# omg another, curse aquabid!!



## betta lover1507 (Aug 6, 2011)

okay i got another betta basically, blame aquabid!! i can't stand the taunts, it became a habit :lol: i know am horrible. thank god i have like 3 tanks left over (i think more i don't know haha) but anyways, here's the link:
http://www.aquabid.com/cgi-bin/auction/closed.cgi?view_closed_item&fwbettashm1333580966
and here is a pic:








(she's in my avi too lol) also she still is unamed


----------



## mattoboy (Feb 4, 2012)

Ooooh he's cute!


----------



## Alienchick017 (Jul 11, 2011)

Pretty! I love blue and green together.


----------



## kfryman (Nov 7, 2011)

She is stunning! Is she gonna be a pet or a breeder?


----------



## betta lover1507 (Aug 6, 2011)

it's a she haha. am not sure, if i ever do a breeding i guess she would be, but i don't have a good or quality male at the moment. only one that dosen't have strange deformities are Zero and Phantom


----------



## Mars788 (Sep 9, 2011)

She's a pretty little doll


----------



## finnfinnfriend (Feb 3, 2012)

She's so beautiful!


----------



## kmcclasky (Dec 31, 2011)

She reminds me of a tiger she is so cute


----------



## Pitluvs (Jun 22, 2011)

D'awww enjoy her! Yes, that AquaBid is horrible lol I won't go on there at all!


----------



## Tikibirds (May 26, 2011)

The only reason AB is safe for me is there is NO WAY I am paying $35 or more to ship a fish...

ANyways she is very pretty


----------



## Pitluvs (Jun 22, 2011)

I'd pay it LOL For a few fish, not just for one though.


----------



## Yaoilover12397 (Aug 12, 2011)

Aquabid has gotten me as well. XD I can't help it. The fish are so pretty.


----------



## betta lover1507 (Aug 6, 2011)

thanks everyone, i can't wait to get her. she was $25 dollars lol, i don't buy fish out the country. am not allowed to that's why haha


----------



## Yaoilover12397 (Aug 12, 2011)

I usually buy mine out of the country because I don't know that well of breeders reps in the country. xD


----------



## aqua001 (Jan 13, 2012)

Aquabid gets me every time! I just can't help it! She is so pretty!!


----------



## Yaoilover12397 (Aug 12, 2011)

Exactly!

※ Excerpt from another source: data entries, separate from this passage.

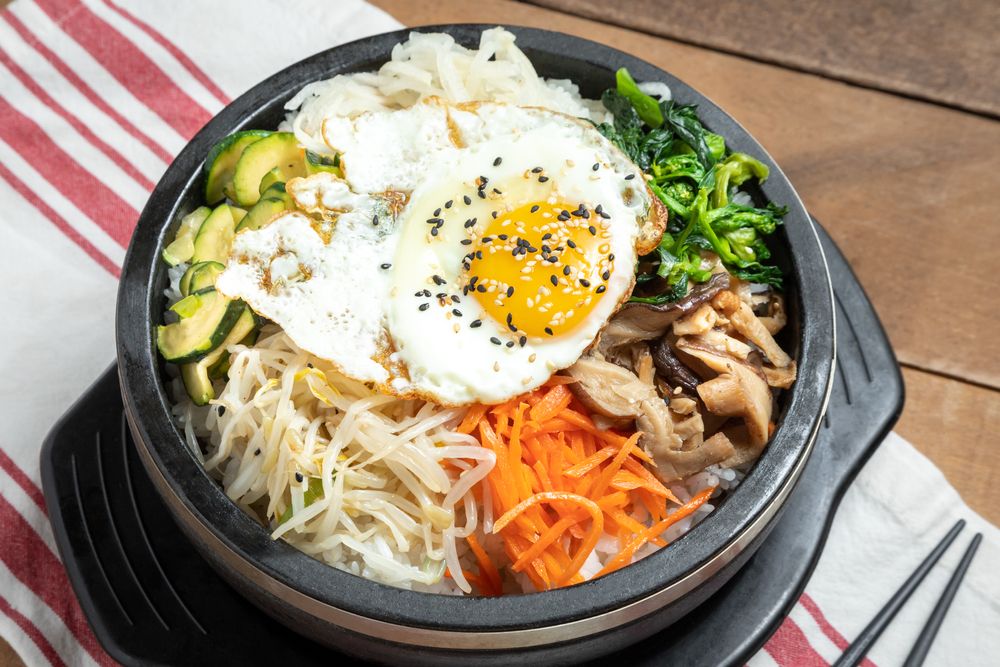 Receita de bibimbap fácil: como fazer esse prato coreano em casa -  TudoGostoso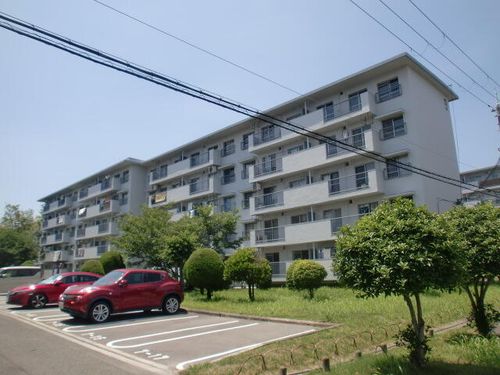 浅香山住宅9棟の外観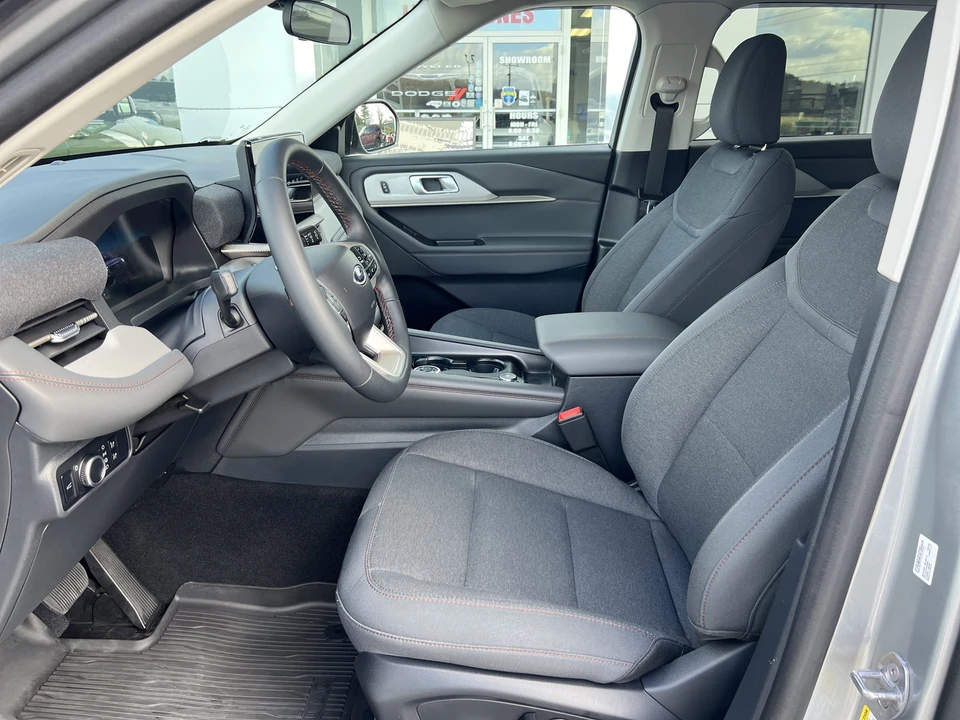 2025 Ford Explorer 6th Gen - Image 17 of 21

I think AB is somehow putting a spell on people to buy fish,


----------



## betta lover1507 (Aug 6, 2011)

1+^ totally agree haha

thanks, well the person you could talk to about breeding IN the country on AB is chard56, he has beautiful betta's and he is very nice. he even has a thread in the classifieds section. there is martinimommy she has HIGH quality betta's, but sometimes a bit pricey, i never really spoke to martini so she might be nice heh heh. then there is darkmoon, she/he (don't know the gender) has beautiful betta's, there very pretty and darkmoon is nice. there is also hopdiggity or jennifer, she is kind and she is the first person i ever bought from. though she dosen't breed the betta's she imports them from thailand, so you don't need to pay USD (is that how you spell it?) shipping, there is more i probably forgot/don't know. you can find chard, martini, and darkmoon in this forum as well


----------



## Yaoilover12397 (Aug 12, 2011)

Ah. I have my bettas worked out pretty much for buying atm. but, next time I'll for sure check them out.


----------



## betta lover1507 (Aug 6, 2011)

ok your welcome. i hear chard is working on purples


----------



## betta lover1507 (Aug 6, 2011)

i even drew her, lol (am crazeh):


----------



## betta lover1507 (Aug 6, 2011)

edited:


----------



## Jessicatm137 (Mar 22, 2012)

Nice drawing! She is gorgeous!


----------



## betta lover1507 (Aug 6, 2011)

thanks


----------



## betta lover1507 (Aug 6, 2011)

okay the seller said he is gonna she ship her on monday. i predict i'll get her on thursday or friday, he never said when i might get her


----------



## MrVampire181 (May 12, 2009)

You'll get her Wednesday if you purchased Priority mail.


----------



## betta lover1507 (Aug 6, 2011)

he really didn't give me a choice, it just said "THIS AUCTION IS FOR THE NICE BLUE FEMALE IN THE PICTURE. SHE IS READY TO BREED. SHIPPING CAN BE COMBINED UP TO 6 BETTAS. SHIPPING IS 16.00 WITH A LIVE ARRIVAL GUARANTEE." exact words.
but i bought from a seller was named "M1247m" and she did the same thing and the betta i bought then came by friday. from when she shipped the betta on monday or tuesday (i don't remember). but you could be right, am a bit "off" today.


----------



## Martinismommy (Dec 2, 2010)

What a nice drawing of your little lady )


----------



## MrVampire181 (May 12, 2009)

O_O DAT DRAWING. Start selling your artwork lol. That is REALLY good.


----------



## betta lover1507 (Aug 6, 2011)

thanks :lol: i never knew people well notice it. and i don't really think people will buy MY art though


----------



## betta lover1507 (Aug 6, 2011)

okay yeah he said am supposed to receive her wednesday. is it this wednesday?


----------



## dramaqueen (Jul 7, 2008)

Very nice drawing.


----------



## betta lover1507 (Aug 6, 2011)

thanks DQ


----------



## ZackyBear (Dec 1, 2011)

I love how the colors make the stripes!

For some reason she reminds me of bubblegum.


----------



## betta lover1507 (Aug 6, 2011)

lol XP i named her "cookie". it was that or either Mercedes haha am horrible with names








am giving her daily flarings for she could be a 180 caudal spread ;p she's close to it


----------